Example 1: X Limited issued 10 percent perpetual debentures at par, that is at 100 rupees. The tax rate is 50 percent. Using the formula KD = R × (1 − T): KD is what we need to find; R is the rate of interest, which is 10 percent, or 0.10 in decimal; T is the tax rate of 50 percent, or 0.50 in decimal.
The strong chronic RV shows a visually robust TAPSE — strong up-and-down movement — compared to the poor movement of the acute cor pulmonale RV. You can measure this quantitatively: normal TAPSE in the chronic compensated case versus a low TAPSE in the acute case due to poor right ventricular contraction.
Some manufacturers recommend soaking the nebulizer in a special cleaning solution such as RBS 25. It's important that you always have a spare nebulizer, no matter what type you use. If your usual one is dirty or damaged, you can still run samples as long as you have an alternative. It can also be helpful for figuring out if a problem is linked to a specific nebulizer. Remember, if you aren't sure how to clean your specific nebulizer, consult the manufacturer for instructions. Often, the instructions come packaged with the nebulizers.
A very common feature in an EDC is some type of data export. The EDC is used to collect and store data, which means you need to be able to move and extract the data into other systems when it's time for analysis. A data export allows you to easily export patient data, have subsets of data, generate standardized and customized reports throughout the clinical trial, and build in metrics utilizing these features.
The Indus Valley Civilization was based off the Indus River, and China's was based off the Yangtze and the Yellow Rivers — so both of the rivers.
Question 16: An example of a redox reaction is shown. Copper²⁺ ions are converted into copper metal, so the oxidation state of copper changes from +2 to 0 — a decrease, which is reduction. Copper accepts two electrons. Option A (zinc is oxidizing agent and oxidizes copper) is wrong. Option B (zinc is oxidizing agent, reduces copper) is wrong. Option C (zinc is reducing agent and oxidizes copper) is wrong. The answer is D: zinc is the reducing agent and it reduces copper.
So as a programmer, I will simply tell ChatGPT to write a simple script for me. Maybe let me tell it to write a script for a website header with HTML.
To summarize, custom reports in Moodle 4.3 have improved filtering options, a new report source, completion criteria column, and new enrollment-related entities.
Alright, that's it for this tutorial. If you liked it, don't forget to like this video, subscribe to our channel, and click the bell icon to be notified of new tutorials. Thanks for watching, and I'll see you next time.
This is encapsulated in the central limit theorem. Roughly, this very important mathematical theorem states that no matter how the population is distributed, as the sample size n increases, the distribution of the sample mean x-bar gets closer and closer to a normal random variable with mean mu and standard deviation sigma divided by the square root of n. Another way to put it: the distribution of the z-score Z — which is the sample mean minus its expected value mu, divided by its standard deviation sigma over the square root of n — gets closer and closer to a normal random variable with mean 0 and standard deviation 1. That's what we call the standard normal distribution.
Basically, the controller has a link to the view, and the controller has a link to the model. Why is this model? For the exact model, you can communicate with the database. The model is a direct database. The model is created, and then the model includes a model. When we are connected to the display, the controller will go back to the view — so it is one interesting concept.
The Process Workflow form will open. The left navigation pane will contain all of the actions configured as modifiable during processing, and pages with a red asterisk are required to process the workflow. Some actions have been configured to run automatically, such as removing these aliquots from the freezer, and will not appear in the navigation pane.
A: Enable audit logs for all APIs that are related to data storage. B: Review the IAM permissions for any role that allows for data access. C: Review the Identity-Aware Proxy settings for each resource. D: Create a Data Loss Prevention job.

###

Your answer must hold the line containing "The Process Workflow" and all lines after it in the entries above, exactly, and nothing else.

The Process Workflow form will open. The left navigation pane will contain all of the actions configured as modifiable during processing, and pages with a red asterisk are required to process the workflow. Some actions have been configured to run automatically, such as removing these aliquots from the freezer, and will not appear in the navigation pane.
A: Enable audit logs for all APIs that are related to data storage. B: Review the IAM permissions for any role that allows for data access. C: Review the Identity-Aware Proxy settings for each resource. D: Create a Data Loss Prevention job.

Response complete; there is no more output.